The task | Transcribe exactly, please, the line bearing "конкурс, Фрязино" and all later lines through the end of the records, with the pictures left out.

Records shown |
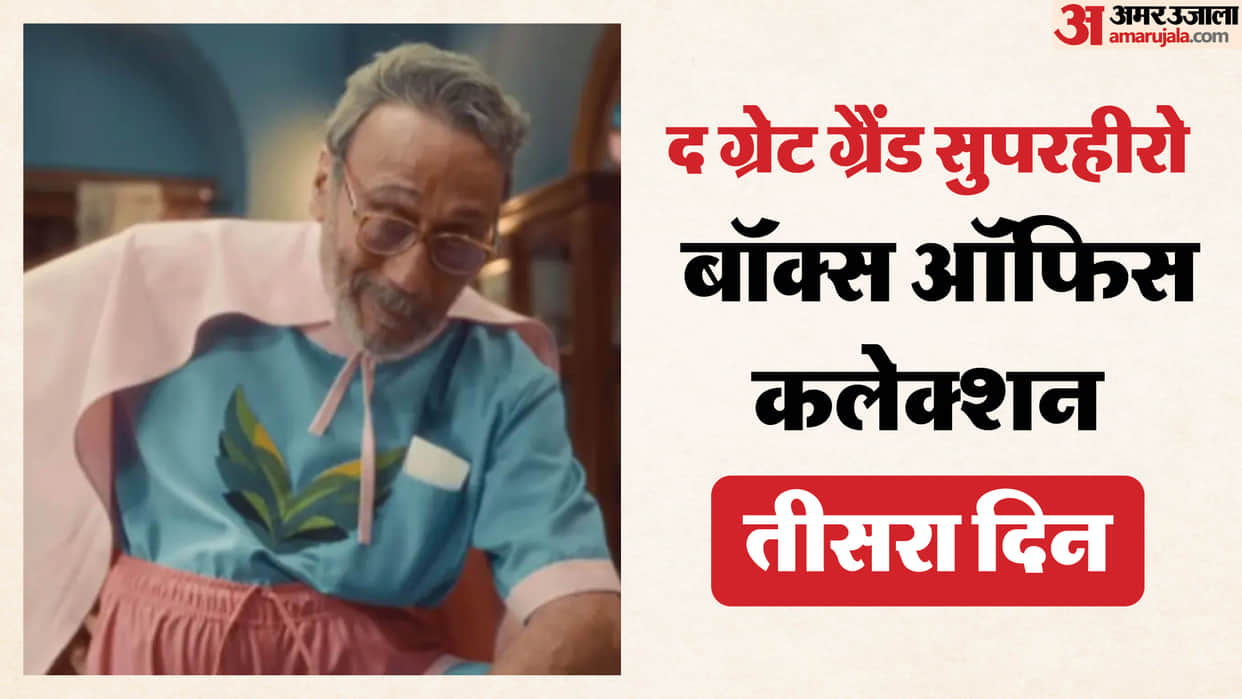 The Great Grand Superhero Box Office Collection Day 3 Jackie Shroff Film Earnings Fallen On First Sunday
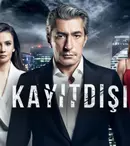 Noul serial al lui Erkan Petekkaya a fost anulat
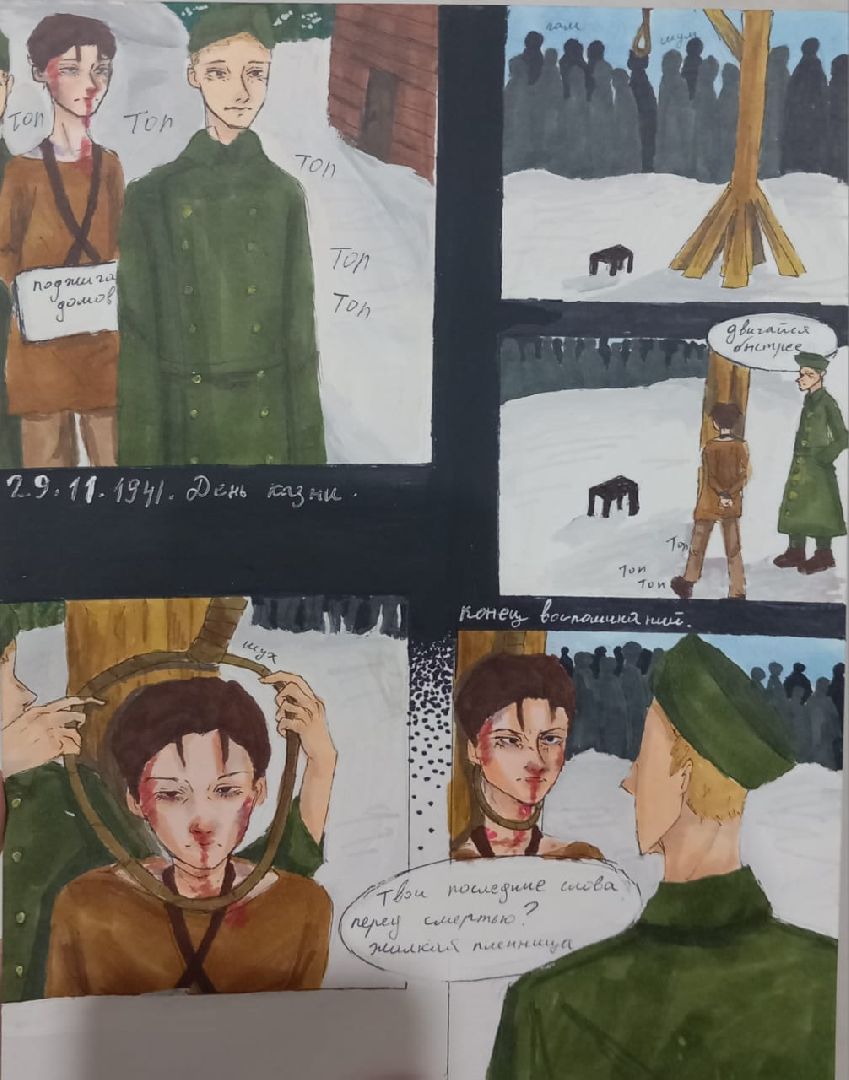 конкурс, Фрязино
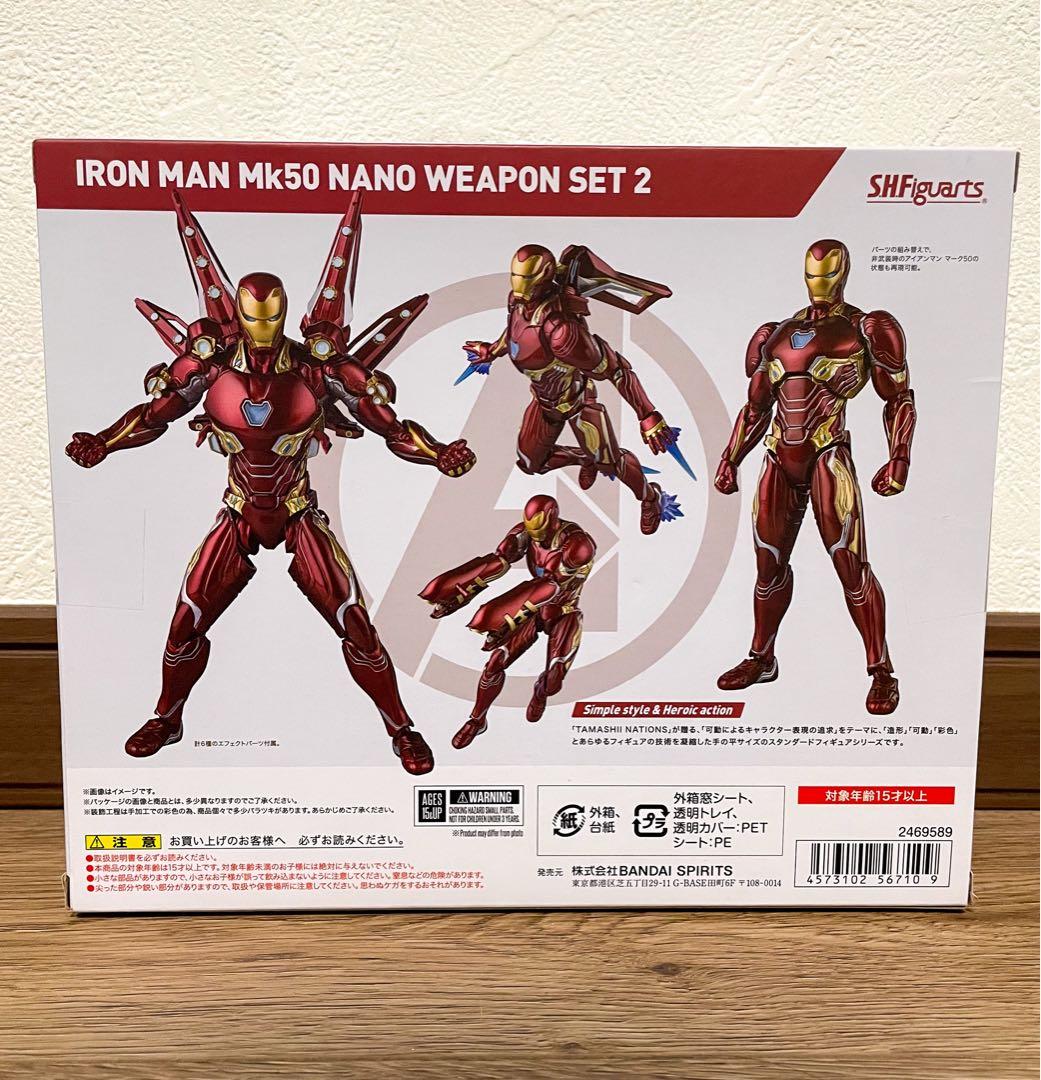 pry様】S.H.Figuartsアイアンマン マーク50ナノウェポンセット2
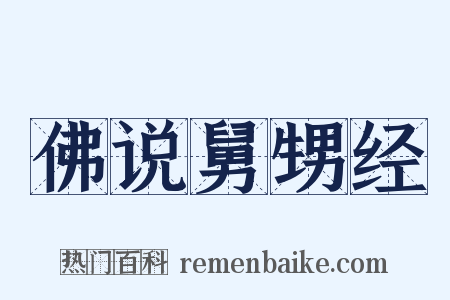 佛说舅甥经是什么意思的图片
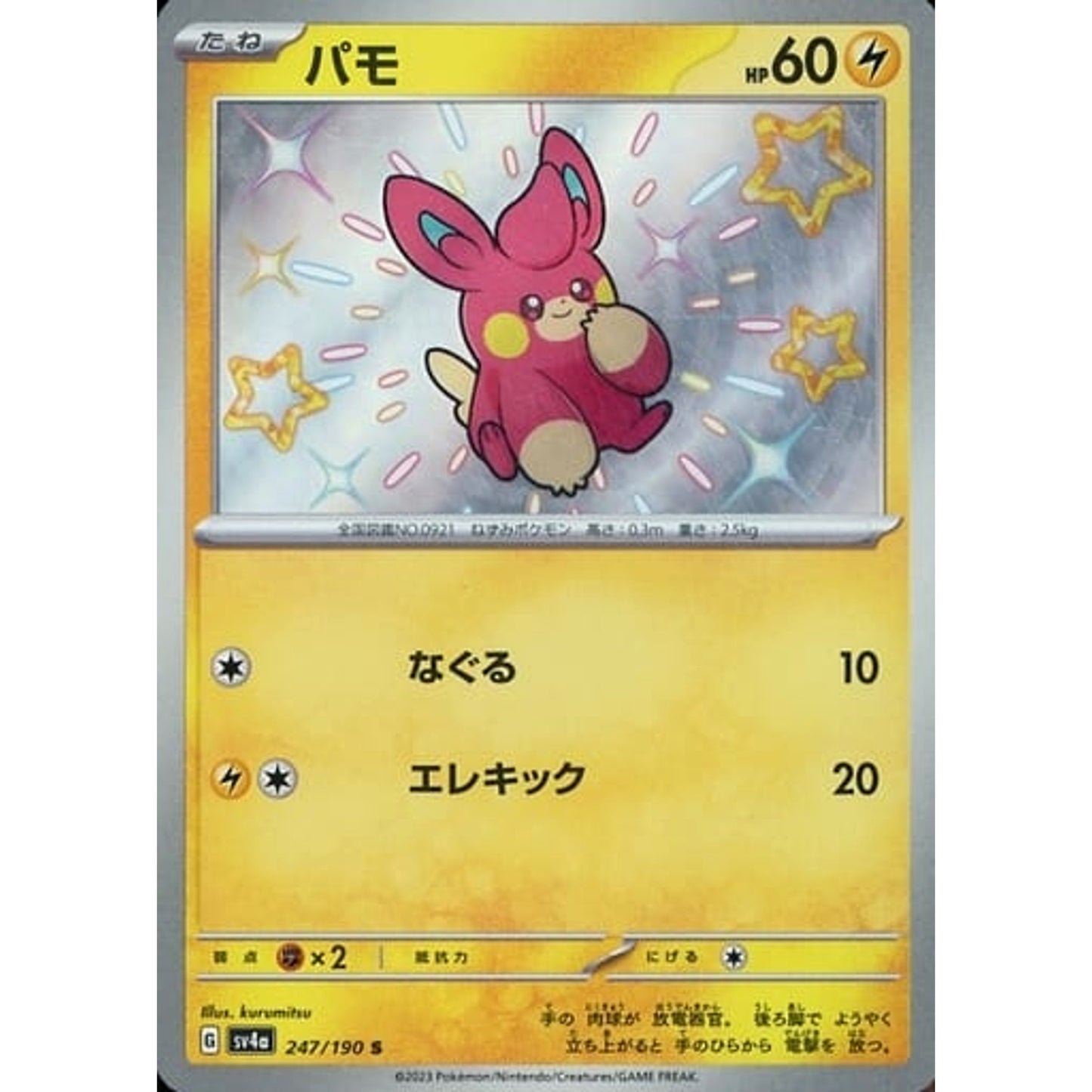 Pokemon Pawmi Holo S 247/190 SV4a Shiny Treasure ex Japanese Pokemon Card [USED]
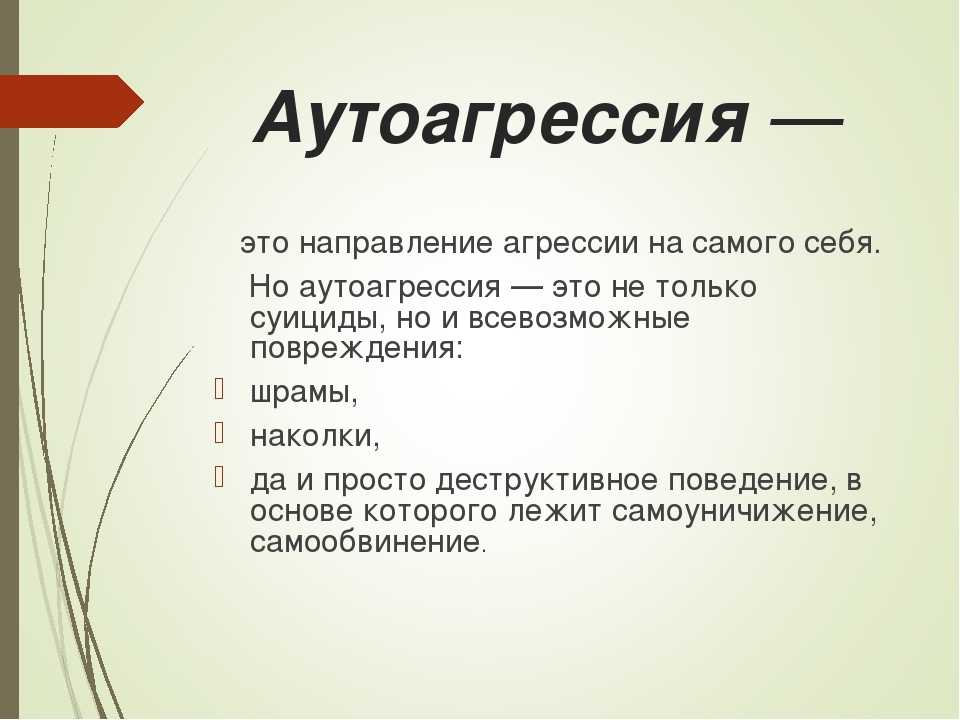 Аутоагрессия: чем она грозит и почему возникает у взрослых и детей – impulsion.ru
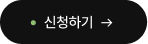 대관 신청하기
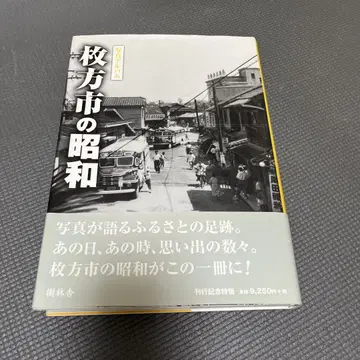 사진 앨범 히라카타시의 쇼와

Exercise response |
 конкурс, Фрязино
 pry様】S.H.Figuartsアイアンマン マーク50ナノウェポンセット2
 佛说舅甥经是什么意思的图片
 Pokemon Pawmi Holo S 247/190 SV4a Shiny Treasure ex Japanese Pokemon Card [USED]
 Аутоагрессия: чем она грозит и почему возникает у взрослых и детей – impulsion.ru
 대관 신청하기
 사진 앨범 히라카타시의 쇼와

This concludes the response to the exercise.